**What is being asked**
Only the lines from the one containing "Elegant Navyblauw &" through the one containing "Seniorzy śpiewali kolędy" should be printed, exactly as they appear below, with both ends included.

Collected data entries
#####

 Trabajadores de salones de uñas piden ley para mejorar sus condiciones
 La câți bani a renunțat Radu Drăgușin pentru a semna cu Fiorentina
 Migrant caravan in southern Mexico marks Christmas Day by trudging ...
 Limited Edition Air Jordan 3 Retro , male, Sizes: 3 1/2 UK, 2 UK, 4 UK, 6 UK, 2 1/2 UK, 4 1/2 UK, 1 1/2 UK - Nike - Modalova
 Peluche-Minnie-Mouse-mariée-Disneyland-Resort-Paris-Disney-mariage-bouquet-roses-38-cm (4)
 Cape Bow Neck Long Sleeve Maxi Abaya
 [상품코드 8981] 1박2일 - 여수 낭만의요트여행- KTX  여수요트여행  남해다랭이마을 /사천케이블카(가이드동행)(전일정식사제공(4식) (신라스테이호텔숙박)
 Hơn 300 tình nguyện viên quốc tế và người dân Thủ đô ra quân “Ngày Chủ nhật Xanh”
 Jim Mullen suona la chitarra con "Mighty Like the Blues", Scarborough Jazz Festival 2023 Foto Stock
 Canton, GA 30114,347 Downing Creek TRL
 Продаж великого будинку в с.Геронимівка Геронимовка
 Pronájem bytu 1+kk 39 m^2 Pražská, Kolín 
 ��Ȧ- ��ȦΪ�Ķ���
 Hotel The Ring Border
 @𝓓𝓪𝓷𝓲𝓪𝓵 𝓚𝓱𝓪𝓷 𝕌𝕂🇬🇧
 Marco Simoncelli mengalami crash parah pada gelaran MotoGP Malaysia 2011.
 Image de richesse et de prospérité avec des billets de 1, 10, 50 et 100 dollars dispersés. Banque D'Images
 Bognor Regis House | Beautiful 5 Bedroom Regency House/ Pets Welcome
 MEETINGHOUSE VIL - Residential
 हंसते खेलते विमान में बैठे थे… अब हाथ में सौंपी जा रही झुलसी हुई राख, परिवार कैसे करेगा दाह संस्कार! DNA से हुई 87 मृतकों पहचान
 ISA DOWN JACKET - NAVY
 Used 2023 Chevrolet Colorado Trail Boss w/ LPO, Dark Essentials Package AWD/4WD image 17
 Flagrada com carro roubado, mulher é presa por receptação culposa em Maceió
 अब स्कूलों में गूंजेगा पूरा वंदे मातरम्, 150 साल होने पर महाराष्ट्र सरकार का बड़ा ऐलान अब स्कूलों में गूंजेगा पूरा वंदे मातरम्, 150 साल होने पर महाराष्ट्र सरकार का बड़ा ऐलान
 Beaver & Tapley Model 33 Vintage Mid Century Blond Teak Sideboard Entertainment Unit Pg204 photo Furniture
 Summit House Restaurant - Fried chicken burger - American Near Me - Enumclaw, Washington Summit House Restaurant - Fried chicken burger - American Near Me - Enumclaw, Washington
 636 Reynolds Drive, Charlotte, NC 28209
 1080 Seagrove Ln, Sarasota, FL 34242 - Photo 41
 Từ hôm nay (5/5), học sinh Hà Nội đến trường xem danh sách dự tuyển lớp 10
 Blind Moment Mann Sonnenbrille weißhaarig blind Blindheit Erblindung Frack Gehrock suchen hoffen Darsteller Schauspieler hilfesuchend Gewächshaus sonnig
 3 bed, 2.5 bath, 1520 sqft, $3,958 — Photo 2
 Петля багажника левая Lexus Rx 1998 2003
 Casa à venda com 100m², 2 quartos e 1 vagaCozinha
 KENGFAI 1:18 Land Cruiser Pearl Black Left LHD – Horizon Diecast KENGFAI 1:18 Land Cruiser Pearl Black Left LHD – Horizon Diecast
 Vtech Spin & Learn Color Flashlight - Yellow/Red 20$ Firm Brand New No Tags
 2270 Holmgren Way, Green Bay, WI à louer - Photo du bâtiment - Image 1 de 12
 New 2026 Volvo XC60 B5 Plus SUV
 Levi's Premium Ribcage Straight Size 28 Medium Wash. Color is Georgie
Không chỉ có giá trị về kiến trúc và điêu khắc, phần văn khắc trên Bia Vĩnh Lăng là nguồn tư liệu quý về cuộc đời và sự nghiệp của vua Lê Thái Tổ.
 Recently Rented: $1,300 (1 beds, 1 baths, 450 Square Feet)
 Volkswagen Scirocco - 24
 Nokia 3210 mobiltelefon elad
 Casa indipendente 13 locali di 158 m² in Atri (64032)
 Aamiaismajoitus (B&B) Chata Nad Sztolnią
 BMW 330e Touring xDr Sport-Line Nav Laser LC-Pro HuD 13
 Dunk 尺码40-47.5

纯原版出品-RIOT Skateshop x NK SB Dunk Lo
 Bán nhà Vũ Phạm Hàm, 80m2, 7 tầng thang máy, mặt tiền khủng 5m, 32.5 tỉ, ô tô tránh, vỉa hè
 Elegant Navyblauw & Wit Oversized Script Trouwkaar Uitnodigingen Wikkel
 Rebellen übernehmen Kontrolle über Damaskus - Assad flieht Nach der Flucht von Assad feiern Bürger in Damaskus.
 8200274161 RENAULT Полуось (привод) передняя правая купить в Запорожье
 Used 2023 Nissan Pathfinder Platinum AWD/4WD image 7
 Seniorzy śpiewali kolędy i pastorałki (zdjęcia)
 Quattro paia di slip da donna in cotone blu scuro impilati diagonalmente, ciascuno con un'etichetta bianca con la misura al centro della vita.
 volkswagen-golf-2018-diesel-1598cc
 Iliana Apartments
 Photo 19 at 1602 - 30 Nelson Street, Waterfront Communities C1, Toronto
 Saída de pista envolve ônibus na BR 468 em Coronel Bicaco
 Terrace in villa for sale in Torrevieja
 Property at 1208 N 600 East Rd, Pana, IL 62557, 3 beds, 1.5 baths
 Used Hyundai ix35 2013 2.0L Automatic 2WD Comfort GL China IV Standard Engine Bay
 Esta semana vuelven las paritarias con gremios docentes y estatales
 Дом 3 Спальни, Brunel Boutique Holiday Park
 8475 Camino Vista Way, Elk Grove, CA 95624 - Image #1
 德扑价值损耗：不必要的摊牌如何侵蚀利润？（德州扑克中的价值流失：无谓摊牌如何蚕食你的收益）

#####

**Answer to this exercise**
 Elegant Navyblauw & Wit Oversized Script Trouwkaar Uitnodigingen Wikkel
 Rebellen übernehmen Kontrolle über Damaskus - Assad flieht Nach der Flucht von Assad feiern Bürger in Damaskus.
 8200274161 RENAULT Полуось (привод) передняя правая купить в Запорожье
 Used 2023 Nissan Pathfinder Platinum AWD/4WD image 7
 Seniorzy śpiewali kolędy i pastorałki (zdjęcia)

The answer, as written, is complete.